[Records from a collection]
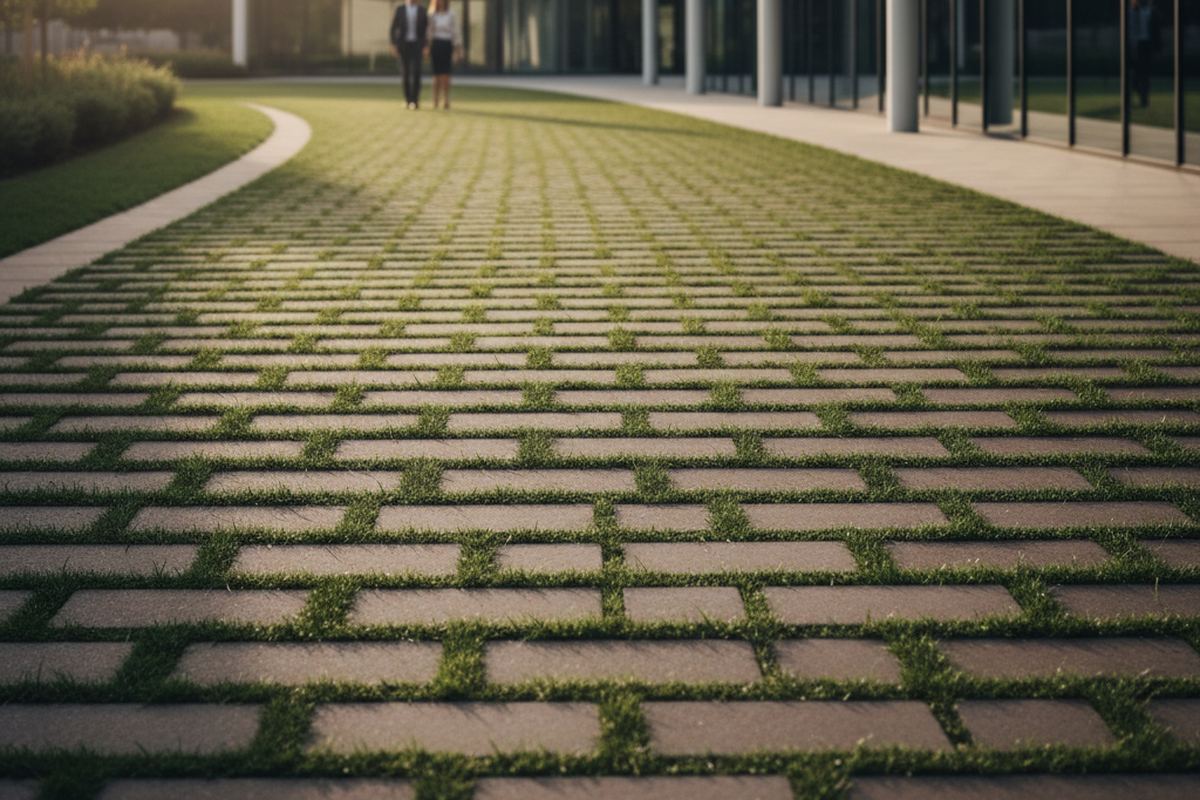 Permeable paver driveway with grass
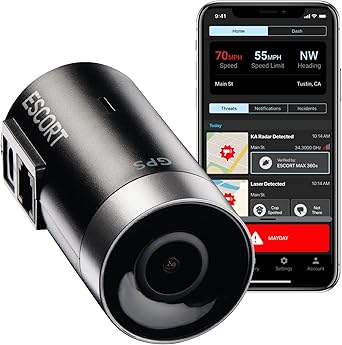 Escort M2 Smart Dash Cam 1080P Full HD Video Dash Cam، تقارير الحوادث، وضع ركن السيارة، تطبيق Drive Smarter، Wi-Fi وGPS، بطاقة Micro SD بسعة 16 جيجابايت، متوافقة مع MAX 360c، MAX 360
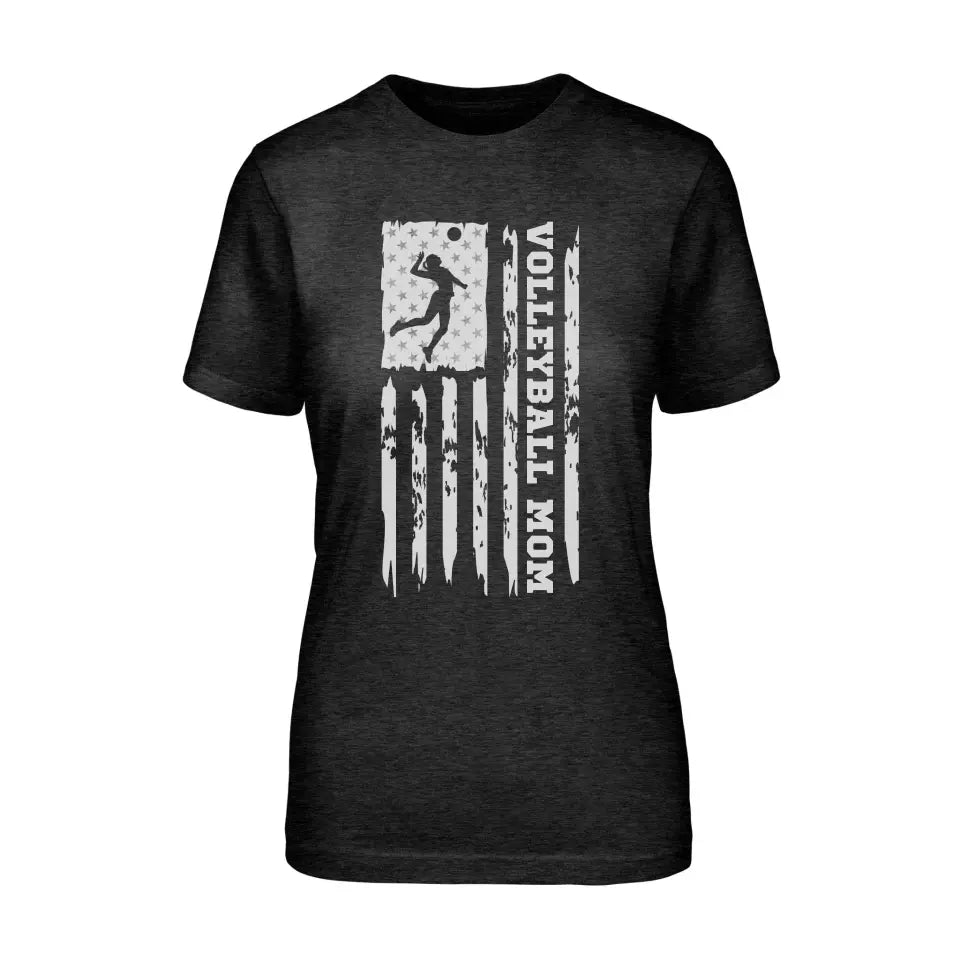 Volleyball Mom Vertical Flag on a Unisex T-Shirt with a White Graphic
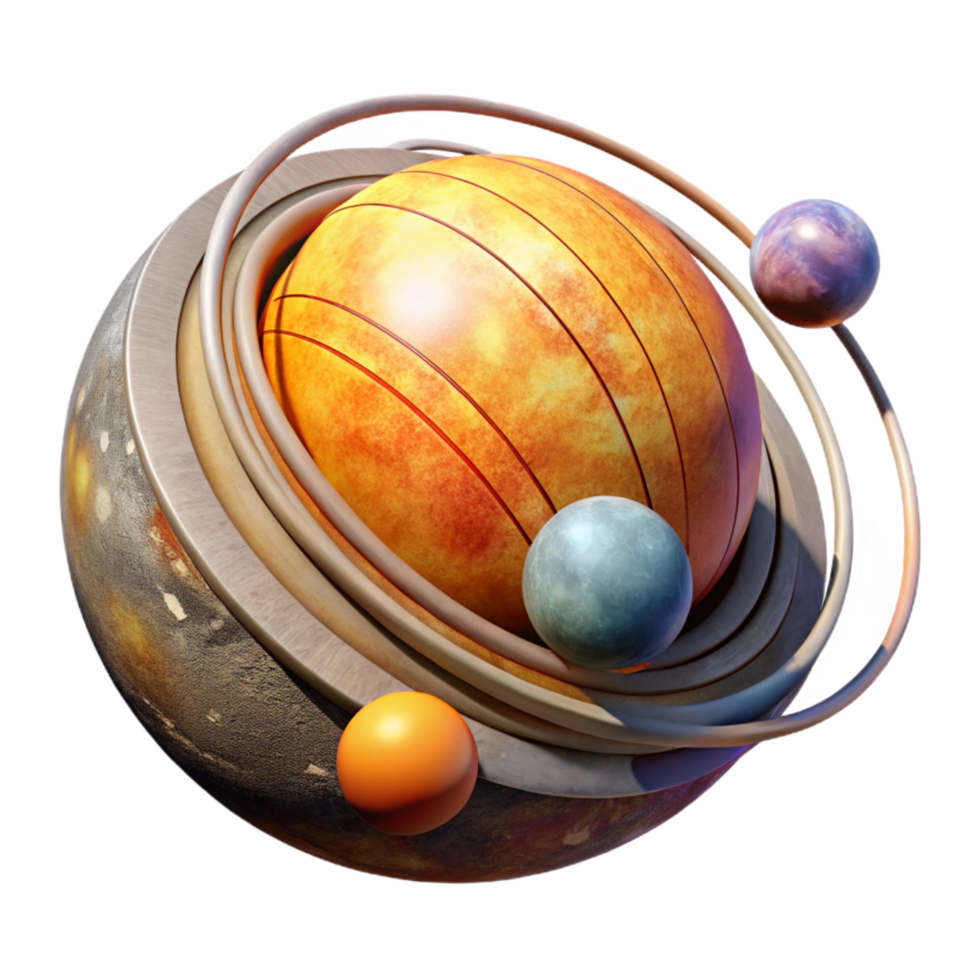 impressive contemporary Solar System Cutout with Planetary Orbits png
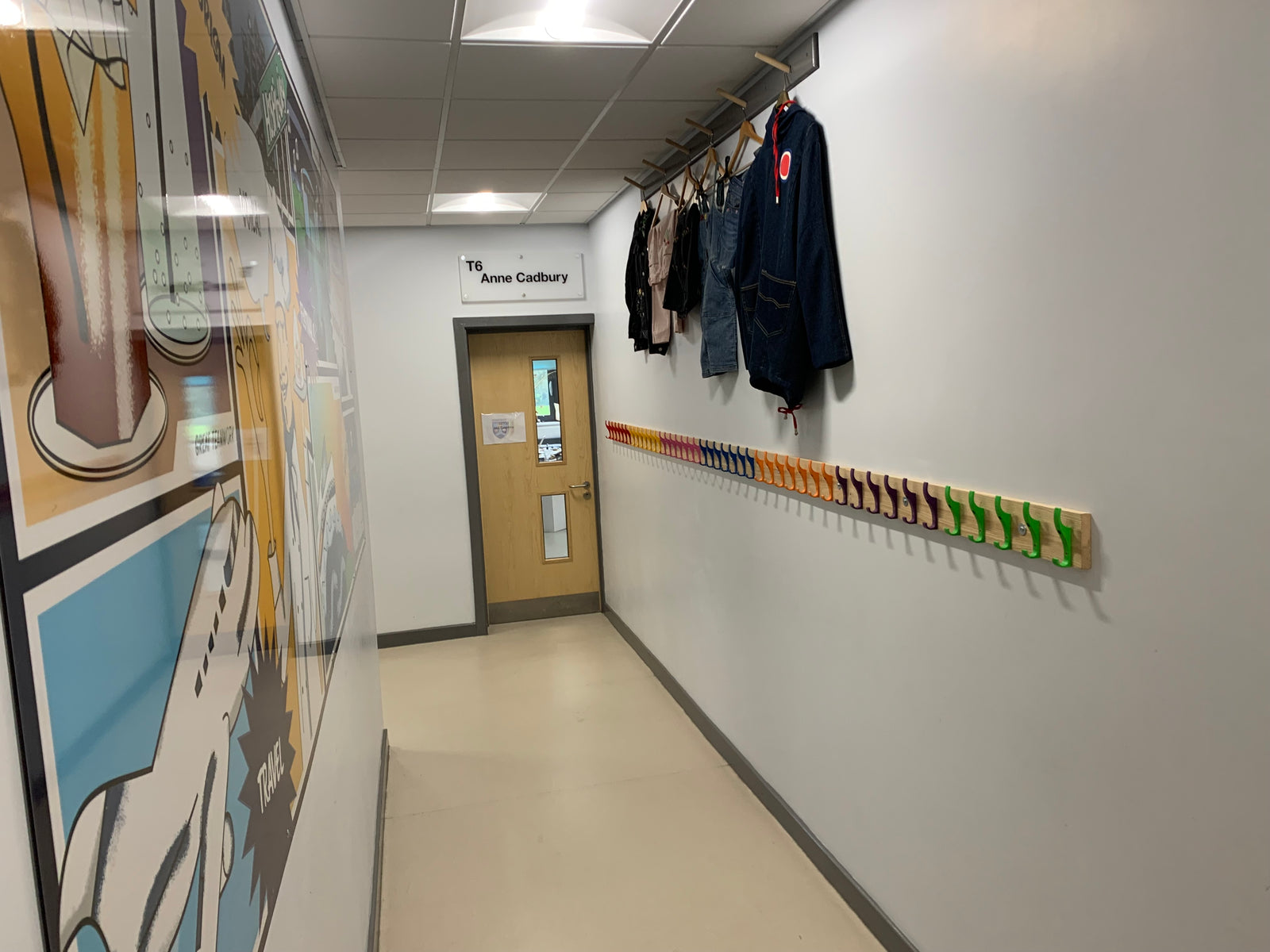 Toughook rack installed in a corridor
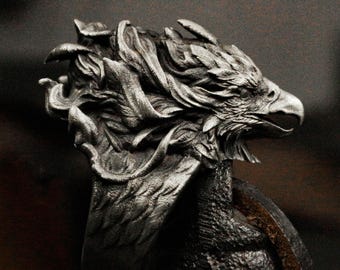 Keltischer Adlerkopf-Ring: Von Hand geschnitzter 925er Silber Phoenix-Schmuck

### Task description:
Without the pictures, print the records in full, exactly as they appear.

### Solved problem:
 Permeable paver driveway with grass
 Escort M2 Smart Dash Cam 1080P Full HD Video Dash Cam، تقارير الحوادث، وضع ركن السيارة، تطبيق Drive Smarter، Wi-Fi وGPS، بطاقة Micro SD بسعة 16 جيجابايت، متوافقة مع MAX 360c، MAX 360
 Volleyball Mom Vertical Flag on a Unisex T-Shirt with a White Graphic
 impressive contemporary Solar System Cutout with Planetary Orbits png
 Toughook rack installed in a corridor
 Keltischer Adlerkopf-Ring: Von Hand geschnitzter 925er Silber Phoenix-Schmuck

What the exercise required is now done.